Global Poker Strategic Thinking Society (GPSTS), a group formed by the Harvard School of Law, teamed up with the Poker Players Alliance and the iMEGA Internet freedom pressure group in a protest rally this week in Boston, Massachusetts. The rally took place outside the state legislature’s offices where a debate concerning brick and mortar casinos in Massachusetts, as proposed by Governor Deval Patrick, was taking place.

However, the building of casinos was not the sole reason for the rally. It was only a small clause tucked away somewhere in the endless legal jargon that if passed, would make online gambling in Massachusetts an act punishable by arrest and hefty fines. These Draconian punishments could even be applied to citizens engaging in online gambling without the use of real money.

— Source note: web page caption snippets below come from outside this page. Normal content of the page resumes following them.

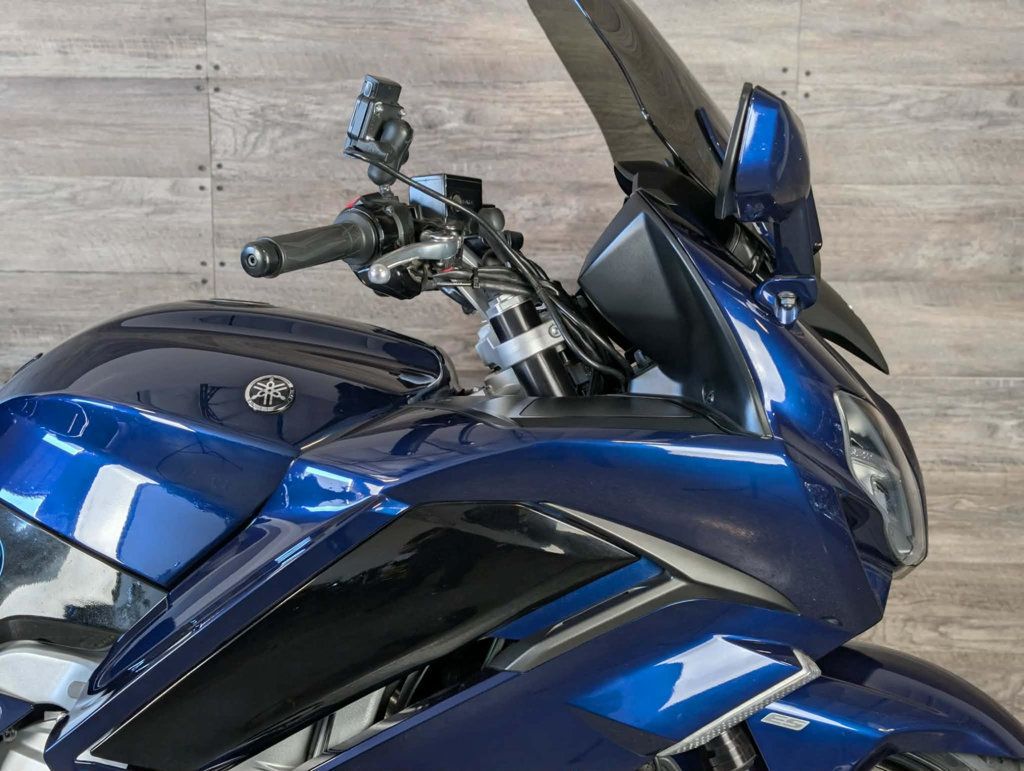 2016 Yamaha FJR 1300 ES SUPER CLEAN! - 22985642 - 3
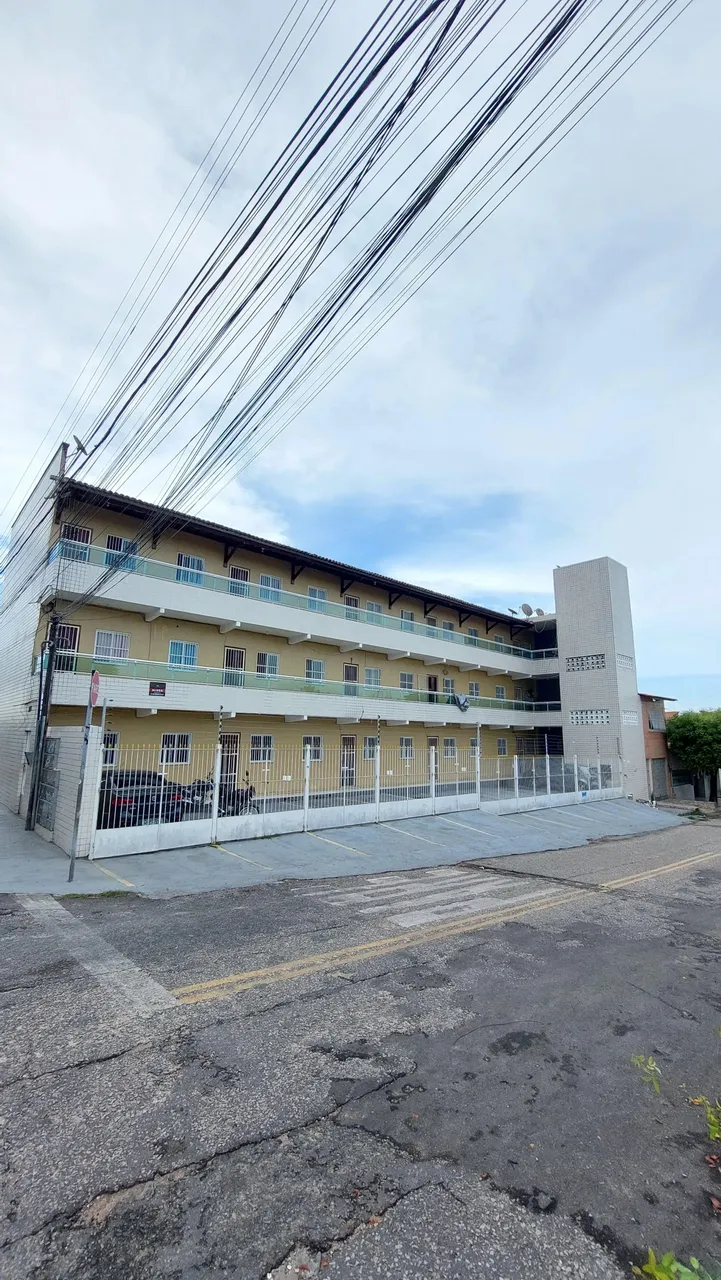 Alugo apartamento no Antônio Bezerra - Fortaleza - CE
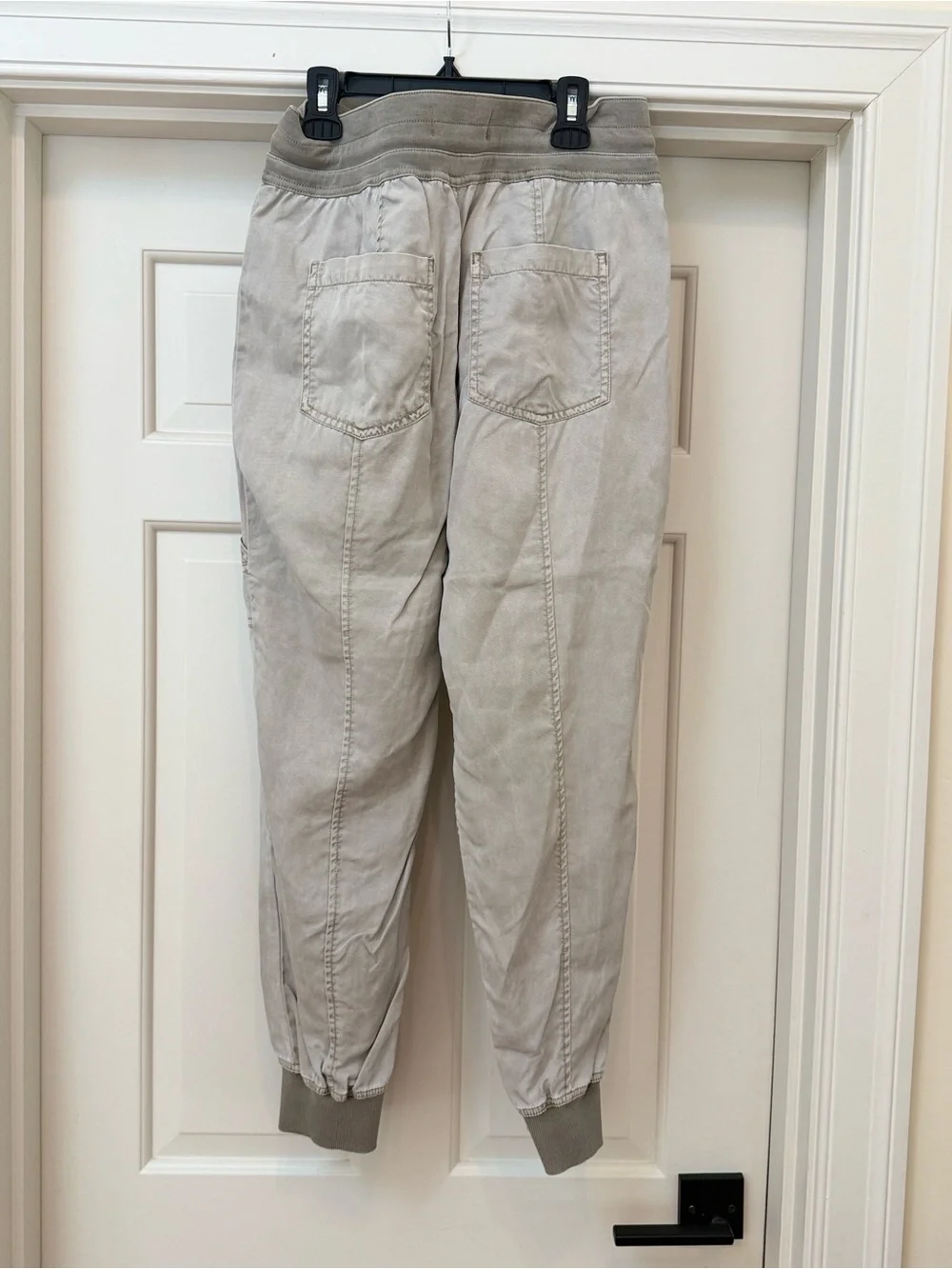 Anthropologie Nomad Joggers - Size Small - light green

For months, GPSTS founder, Professor Charles Nesson, has been writing sharply worded letters to politicians and casino owners alike in an attempt to discover who actually wrote the draft of the bill. To this day no one knows who wrote the anti-Internet poker clause into the proposed bill.

Nesson held back nothing as he openly criticized the bill in front of a crowd of supporters:

“Governor Patrick's Casino bill would make it illegal for state residents to play poker online, with penalties ranging from hefty fines to jail time of up to two years. How crazy is that? Who wrote the bill's strange provision to criminalize online games? The Governor's people say it wasn't him (even though it's nominally his bill). The Las Vegas casino interests say it's not them. Both questions should be put to the Governor…”

Professor Nesson also submitted written testimony that he prepared for the Legislature’s public hearing.

The adamant Harvard professor has been in contact with both the Massachusetts Governor’s office about the drafting of the bill as well as the board of the Las Vegas Sands Corporation. Las Vegas Sands is thought to have a hand in the drafting of the Massachusetts casino bill and Nesson has been aggressively seeking answers.

“I don't think filling our expensive jail cells with poker players is what Massachusetts voters had in mind when they elected Deval Patrick,” Nesson said in a recent press release.

iMEGA chairman Joe Brennan Jr. was also present at the rally with his organization to support the opposition against the proposed anti-Internet gambling provision bill. “It is ironic for a bill to legalize gambling in Massachusetts to outlaw and severely punish gambling online. It simply makes no sense,” Brennan said.

He went on to voice his concerns, “How can an activity that is legal in 48 of the 50 states be a criminal act simply because it utilizes the Internet? If an American has the right to choose in the "real world", shouldn't they enjoy that very same right when they are online?

“Like many of the government's forays into cyberspace, these efforts are well intended but yield the considerable practical problems of unintended consequences,” Brennan said. “In this case, Americans' right to privacy and freedom of expression are imperiled by overzealous lawmaking.”